When I first started losing weight I read that it takes approximately 20 minutes for your stomach to notify your brain that you are full. So I started concentrating on eating slowly.
This was and is a huge challenge for me because I have always inhaled my food. I'm not the only one - in my family we tend to eat extremely fast - even thin family members chow down quickly.
So now when I eat I actually watch the clock. I chew my food much more and even take mini breaks during my meals.
And guess what - it really doesn't help that much. I'm still hungry after eating a full meal.
I've said a lot that my "hunger switch" is broken. But as I lay in bed Saturday night feeling so full from having overeaten during the reunion I realized that I CAN feel full and not want to eat - but that my body does not respond to the cues in a normal amount of time.
No, you see, I had eaten so much that I believe I must have been full hours earlier. BUT I had no feeling of being full until like 8 at night.
I realized that this happens on occasions like Thanksgiving as well. I don't feel that "stuffed" feeling until HOURS later.
I have read posts by people - usually binge eaters - who talk about feeling almost sick from eating so much and yet they continue to eat.

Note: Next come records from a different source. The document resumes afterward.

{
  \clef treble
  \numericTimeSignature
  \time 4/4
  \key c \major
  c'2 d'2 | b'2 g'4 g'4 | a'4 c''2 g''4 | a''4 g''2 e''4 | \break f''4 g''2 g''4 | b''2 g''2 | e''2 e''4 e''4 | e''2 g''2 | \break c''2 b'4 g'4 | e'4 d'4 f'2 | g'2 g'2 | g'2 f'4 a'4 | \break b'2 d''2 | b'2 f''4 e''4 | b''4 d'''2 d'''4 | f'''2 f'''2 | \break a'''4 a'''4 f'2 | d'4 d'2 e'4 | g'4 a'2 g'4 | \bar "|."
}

That's not the case with me. The problem is that I just don't have any physical cues to stop in any sort of reasonable time.

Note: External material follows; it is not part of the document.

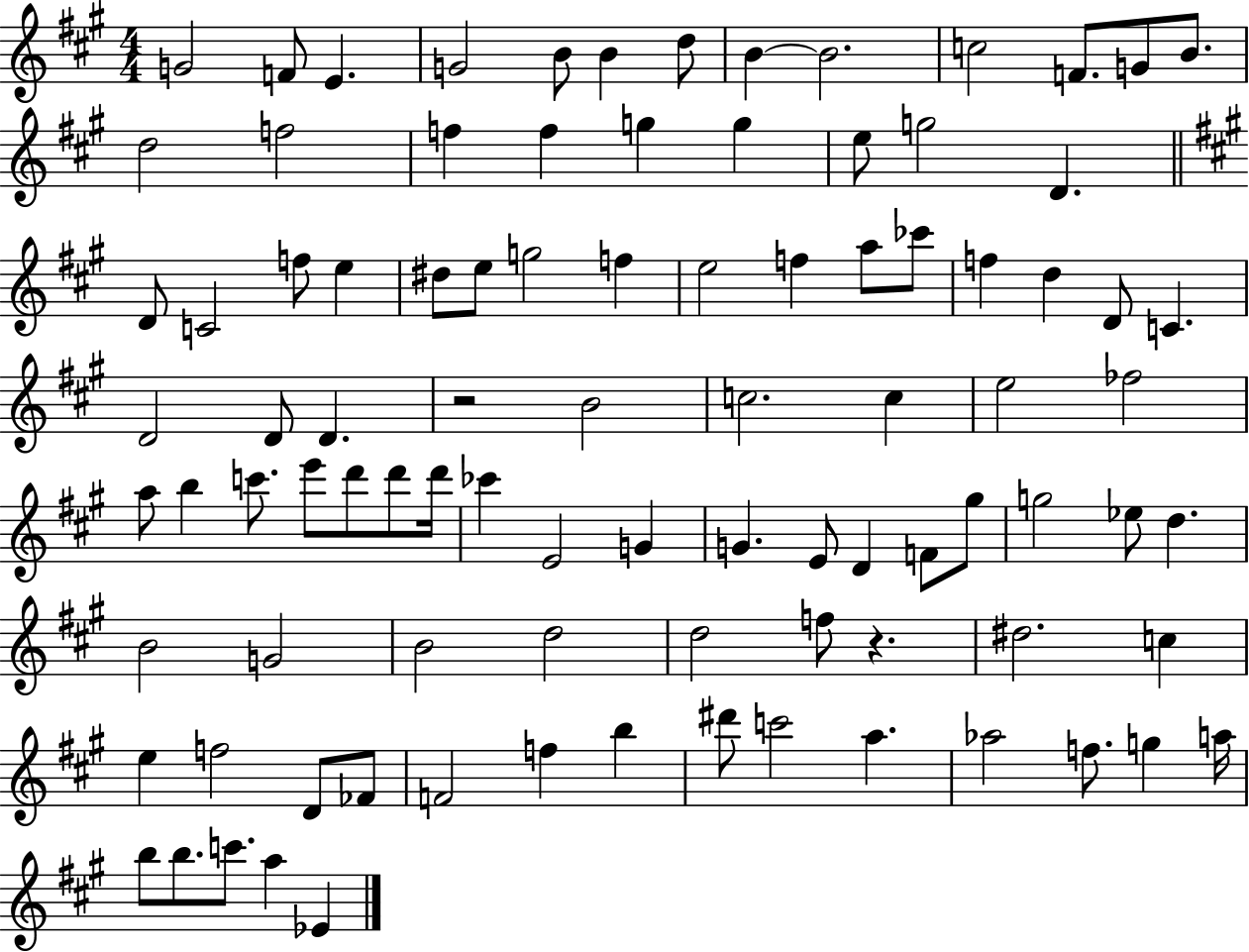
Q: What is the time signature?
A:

There is still so much of the brain that we don't understand. And I've told my clients that I believe some day we'll find "addiction" in the brain. And once we pinpoint that we might be able to go a long way to curing addiction. I wonder if some day we'll find the exact "hunger cue" in the brain as well and be able to fix it.
It's not an excuse for obesity, but I think that it explains a lot of how some people end up consuming so much more and getting fat. And it must be hard for people who have normal brains to understand how people can eat a ton of food and not feel full.
So this means that I – along with others who might have a broken switch – have to stop eating based on non-instinctive cues… Just another challenge we face.